The file is unique represented by its id. The file is locatd corectly, and the download is done, but the downloaded file (though named as the one on the server) is empty.
my download function looks like this:
def download_course(request, id):
course = Courses.objects.get(pk = id).course
path_to_file = 'root/cFolder'
filename = __file__ # Select your file here.
wrapper = FileWrapper(file(filename))
content_type = mimetypes.guess_type(filename)[0]
response = HttpResponse(wrapper, content_type = content_type)
response['Content-Length'] = os.path.getsize(filename)
response['Content-Disposition'] = 'attachment; filename=%s/' % smart_str(course)
return response
where can i be wrong? thanks!
I answered this question here, hope it helps.
Looks like you're not sending any data (you don't even open the file).

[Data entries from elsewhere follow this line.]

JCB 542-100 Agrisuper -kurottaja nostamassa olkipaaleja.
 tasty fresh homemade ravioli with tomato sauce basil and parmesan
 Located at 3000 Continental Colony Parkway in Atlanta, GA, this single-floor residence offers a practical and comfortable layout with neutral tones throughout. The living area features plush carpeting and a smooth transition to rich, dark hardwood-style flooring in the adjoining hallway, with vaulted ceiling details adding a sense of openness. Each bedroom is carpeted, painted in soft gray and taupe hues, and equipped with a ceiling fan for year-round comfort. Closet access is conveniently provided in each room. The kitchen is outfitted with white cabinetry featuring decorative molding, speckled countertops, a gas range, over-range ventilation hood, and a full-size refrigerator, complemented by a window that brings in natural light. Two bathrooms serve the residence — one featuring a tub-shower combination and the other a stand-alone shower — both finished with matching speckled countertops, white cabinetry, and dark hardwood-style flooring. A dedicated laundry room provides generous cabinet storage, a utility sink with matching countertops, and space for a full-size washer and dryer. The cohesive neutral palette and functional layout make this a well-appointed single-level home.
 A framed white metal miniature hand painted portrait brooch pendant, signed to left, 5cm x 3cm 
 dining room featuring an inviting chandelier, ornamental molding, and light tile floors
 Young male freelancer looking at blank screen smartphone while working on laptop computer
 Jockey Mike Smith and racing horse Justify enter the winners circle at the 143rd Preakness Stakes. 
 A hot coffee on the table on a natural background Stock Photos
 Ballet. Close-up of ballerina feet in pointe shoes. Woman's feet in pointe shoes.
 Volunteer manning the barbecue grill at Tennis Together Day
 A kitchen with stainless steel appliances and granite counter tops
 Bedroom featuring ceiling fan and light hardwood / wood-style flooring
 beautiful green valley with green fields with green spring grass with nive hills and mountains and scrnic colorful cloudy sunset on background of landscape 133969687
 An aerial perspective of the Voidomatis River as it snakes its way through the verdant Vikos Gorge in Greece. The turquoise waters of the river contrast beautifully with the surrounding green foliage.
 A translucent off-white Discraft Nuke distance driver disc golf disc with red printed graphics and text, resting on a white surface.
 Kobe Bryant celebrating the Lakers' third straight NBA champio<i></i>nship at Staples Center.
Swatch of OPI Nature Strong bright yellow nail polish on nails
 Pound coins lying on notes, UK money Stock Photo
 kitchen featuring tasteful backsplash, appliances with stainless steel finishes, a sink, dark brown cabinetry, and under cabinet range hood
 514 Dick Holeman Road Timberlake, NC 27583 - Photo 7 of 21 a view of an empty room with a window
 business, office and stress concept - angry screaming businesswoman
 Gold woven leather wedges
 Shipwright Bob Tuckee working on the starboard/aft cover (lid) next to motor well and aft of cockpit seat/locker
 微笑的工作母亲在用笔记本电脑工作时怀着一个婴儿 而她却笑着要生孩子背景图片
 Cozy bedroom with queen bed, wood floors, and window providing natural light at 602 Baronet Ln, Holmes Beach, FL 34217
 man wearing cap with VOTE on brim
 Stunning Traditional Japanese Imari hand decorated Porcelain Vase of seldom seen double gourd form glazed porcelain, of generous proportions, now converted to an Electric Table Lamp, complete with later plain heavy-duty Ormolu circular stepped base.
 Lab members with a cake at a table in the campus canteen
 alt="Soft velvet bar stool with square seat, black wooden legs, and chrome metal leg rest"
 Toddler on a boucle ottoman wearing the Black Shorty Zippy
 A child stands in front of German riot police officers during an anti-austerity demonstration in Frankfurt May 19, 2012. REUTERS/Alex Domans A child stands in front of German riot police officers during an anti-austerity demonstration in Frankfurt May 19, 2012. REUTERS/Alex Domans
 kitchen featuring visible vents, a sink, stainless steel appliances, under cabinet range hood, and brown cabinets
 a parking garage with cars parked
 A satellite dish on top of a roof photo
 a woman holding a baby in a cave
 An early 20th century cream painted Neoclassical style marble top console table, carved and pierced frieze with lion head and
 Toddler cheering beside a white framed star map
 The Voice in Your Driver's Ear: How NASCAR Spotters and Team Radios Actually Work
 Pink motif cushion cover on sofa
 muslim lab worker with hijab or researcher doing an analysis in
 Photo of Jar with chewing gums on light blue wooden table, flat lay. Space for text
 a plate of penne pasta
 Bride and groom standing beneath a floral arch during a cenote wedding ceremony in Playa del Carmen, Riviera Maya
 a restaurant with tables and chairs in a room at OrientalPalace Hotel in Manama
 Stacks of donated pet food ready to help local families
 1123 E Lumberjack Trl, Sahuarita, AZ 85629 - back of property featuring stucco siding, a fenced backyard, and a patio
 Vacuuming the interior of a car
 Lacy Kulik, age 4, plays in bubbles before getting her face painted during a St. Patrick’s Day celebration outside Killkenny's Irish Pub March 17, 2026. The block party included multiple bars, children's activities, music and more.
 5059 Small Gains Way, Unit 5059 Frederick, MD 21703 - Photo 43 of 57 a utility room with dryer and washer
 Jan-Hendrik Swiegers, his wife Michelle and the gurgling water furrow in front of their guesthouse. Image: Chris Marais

Django has a nice wrapper for sending files (code taken from djangosnippets.org):
def send_file(request):
"""
Send a file through Django without loading the whole file into
memory at once. The FileWrapper will turn the file object into an
iterator for chunks of 8KB.
"""
filename = __file__ # Select your file here.
wrapper = FileWrapper(file(filename))
response = HttpResponse(wrapper, content_type='text/plain')
response['Content-Length'] = os.path.getsize(filename)
return response
so you could use something like response = HttpResponse(FileWrapper(file(path_to_file)), mimetype='application/force-download').
If you are really using lighttpd (because of the "X-Sendfile" header), you should check the server and FastCGI configuration, I guess.
Try one of these approaches:
1) Disable GZipMiddleware if you are using it;
2) Apply a patch to django/core/servers/basehttp.py described in
https://code.djangoproject.com/ticket/6027